> Exercise directions:
All entries are to be reproduced exactly; the pictures are to be omitted.
*****
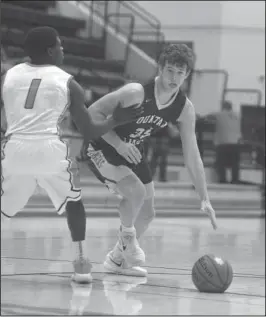  ?? The Sentinel-Record/Mara Kuhn ?? DODGE THIS: Fountain Lake forward Cade Dodge (35) drives the ball as Malvern’s Demias Jimerson (1) defends Thursday night at the Leopard Center. Fountain Lake will face Bigelow on Wednesday and Perryville on Thursday in the Perry County Classic at...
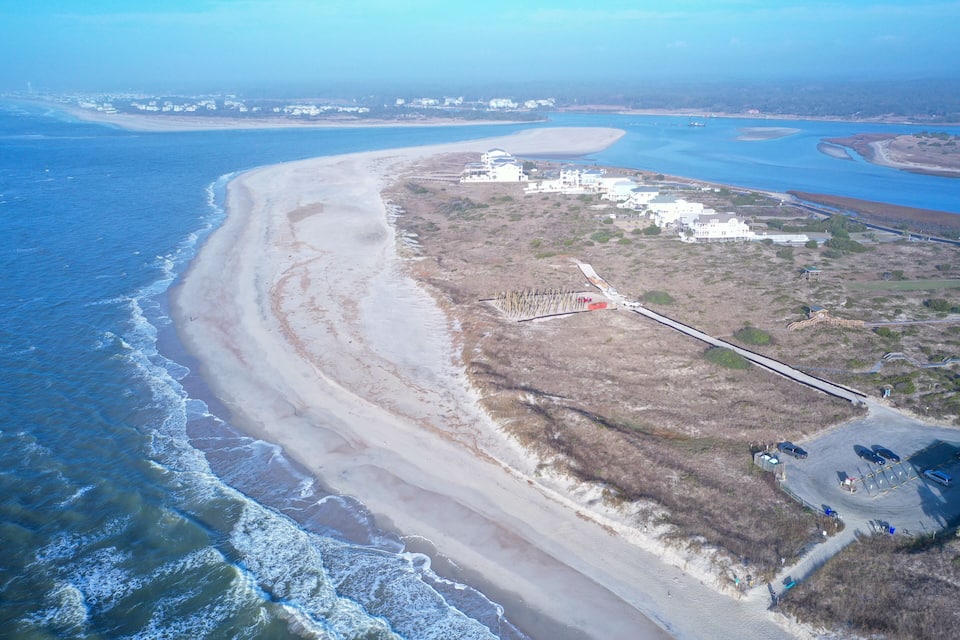 Un paysage côtier avec une plage de sable, une jetée et un espace de stationnement.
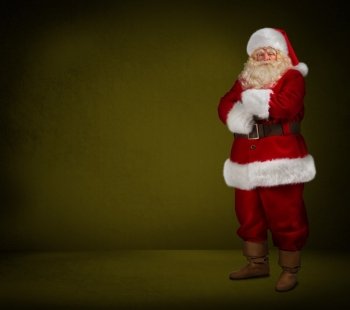 Photo of happy Santa Claus looking at camera on yellow background. Full length portrait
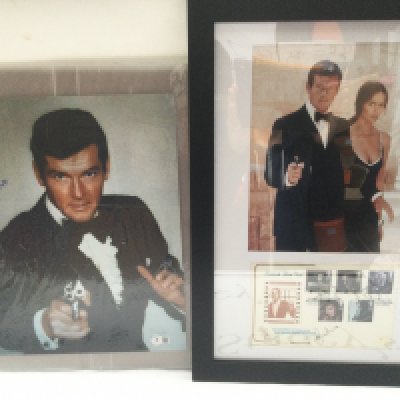 A James Bond photo signed by Sir Roger Moore, approx 27cm x 35cm with Beckett COA together with a framed and glazed First Day cover and photo display also signed by Moore (2).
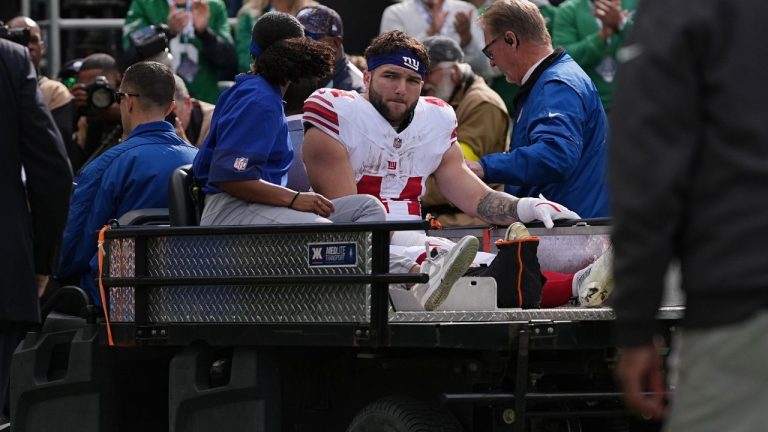 New York Giants running back Cam Skattebo leaves the field after an injury during the first half of an NFL football game against the Philadelphia Eagles on Sunday, Oct. 26, 2025, in Philadelphia. (Matt Rourke/AP)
*****
> Reply to the task:
  ?? The Sentinel-Record/Mara Kuhn ?? DODGE THIS: Fountain Lake forward Cade Dodge (35) drives the ball as Malvern’s Demias Jimerson (1) defends Thursday night at the Leopard Center. Fountain Lake will face Bigelow on Wednesday and Perryville on Thursday in the Perry County Classic at...
 Un paysage côtier avec une plage de sable, une jetée et un espace de stationnement.
 Photo of happy Santa Claus looking at camera on yellow background. Full length portrait
 A James Bond photo signed by Sir Roger Moore, approx 27cm x 35cm with Beckett COA together with a framed and glazed First Day cover and photo display also signed by Moore (2).
 New York Giants running back Cam Skattebo leaves the field after an injury during the first half of an NFL football game against the Philadelphia Eagles on Sunday, Oct. 26, 2025, in Philadelphia. (Matt Rourke/AP)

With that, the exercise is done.